Gary Rosenblatt’s column last week focused on the disturbing effort by the Israeli Chief Rabbinate to monopolize and centralize its power, and the passive response of its partner in North America, the Rabbinical Council of America (RCA), with more than 1,000 member Orthodox rabbis (“Time To Stand Up To The Chief Rabbis,” Jan. 10).

The RCA has yet to speak out publicly on behalf of members in good standing who have been, in effect, disqualified by the Chief Rabbinate for no known cause. The Chief Rabbinate acknowledged that it has no formal procedure for checking the credentials of its diaspora colleagues so it relies on the advice of a few trusted colleagues here.
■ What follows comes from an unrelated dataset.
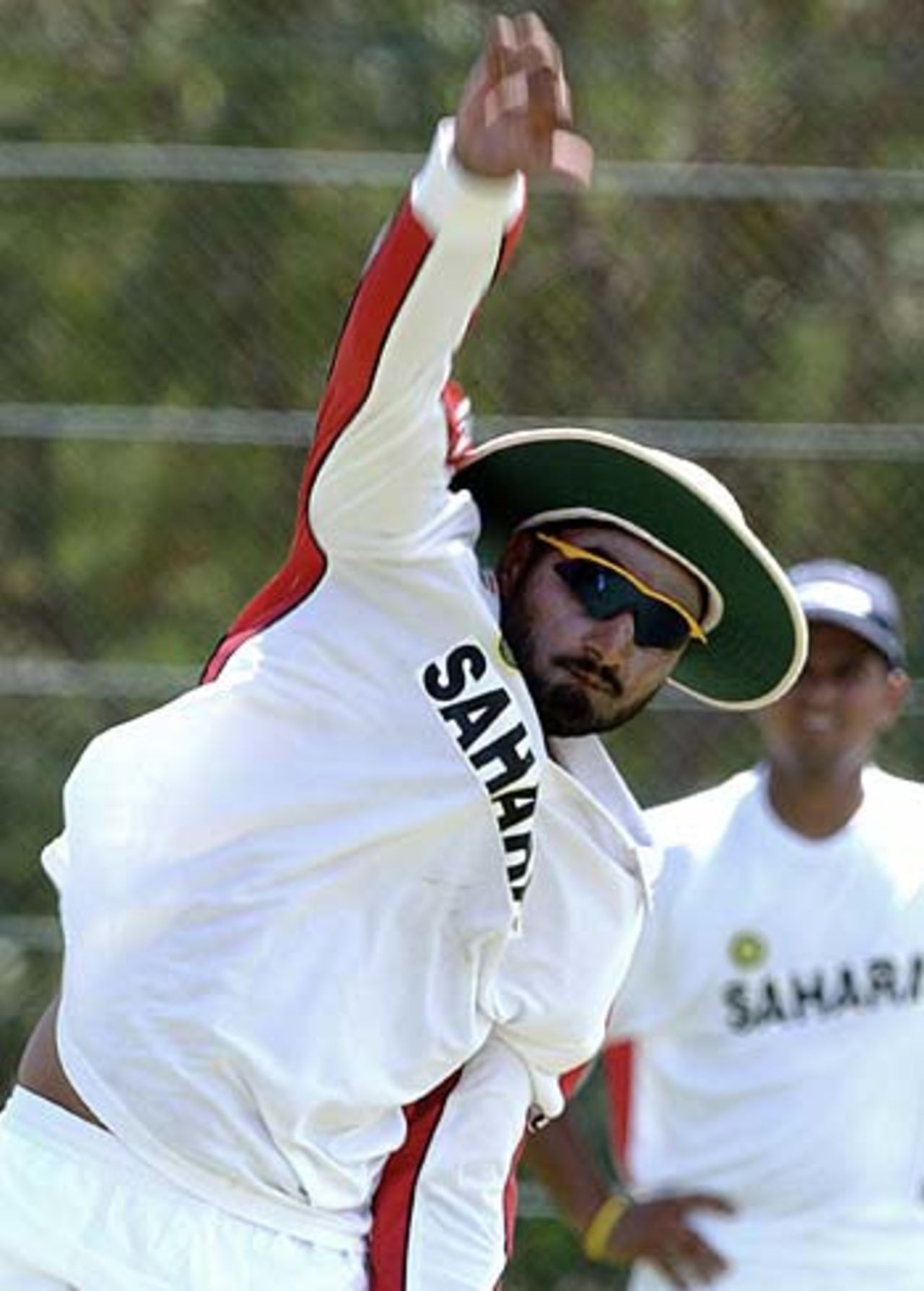 Harbhajan Singh unwinds during a practice session in Dambulla, July 28, 2005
Yet the RCA has not protested this amateur and ethically offensive “system” or stood up for its fellow members, presumably for fear of offending the chief rabbis and losing whatever remaining clout the organization has in their eyes. Ironically, the RCA is virtually the only religious body that still cares, given the Chief Rabbinate’s downward spiral toward irrelevance, driven by its narrow, fundamentalist impulses.
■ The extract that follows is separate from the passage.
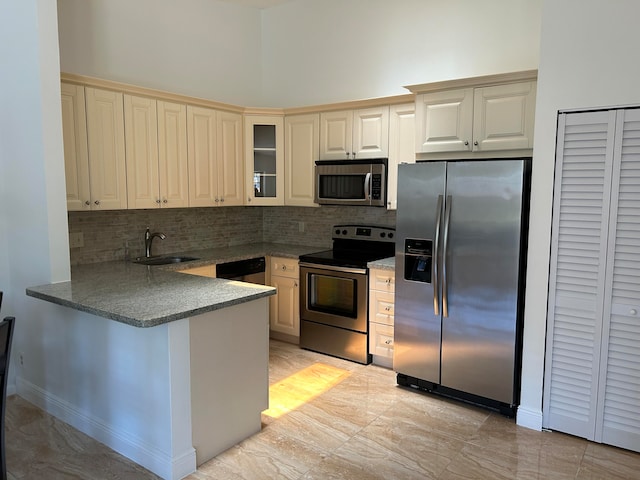 kitchen featuring stainless steel appliances, tasteful backsplash, sink, a high ceiling, and kitchen peninsula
While Rosenblatt set his sights on this friction within the Orthodox community, between rabbinic partners in Israel and North America, it should be noted and emphasized that rabbis outside of the Orthodox community — indeed the majority of rabbis in North America — have known what it is like to be marginalized, ignored by the Chief Rabbinate, and worse, for far too long. Throughout the Conservative, Reform and Reconstructionist communities, on reading that Rabbi Avi Weiss, a leader of the Modern Orthodox community for decades, was deemed unworthy to attest to the Jewishness of a congregant, the reaction surely was “welcome to the club, Rabbi Weiss.”

That’s how Rabbi Ammiel Hirsch, senior rabbi of the (Reform) Stephen Wise Free Synagogue, put it this week (see Letters to the Editor). Similarly, Rabbi Gerald Skolnik, president of the (Conservative) Rabbinical Assembly, pointed out that “the chief rabbis are treating Orthodox rabbis the way they have been treating non-Orthodox rabbis for ever and ever,” with a lack of respect and an air of illegitimacy.

There is a lesson here for American rabbis who have been long and sometimes bitterly divided by denominations. Even when they can’t agree on the nature of halacha and its process, they can join in protesting the arrogance and intolerance of a Chief Rabbinate that does harm to all of them, and their constituencies, and deserves to be scrutinized, chastised and revised. How sad that a body created to preserve and expand Jewish tradition has had the opposite effect on Jews in Israel and throughout the diaspora.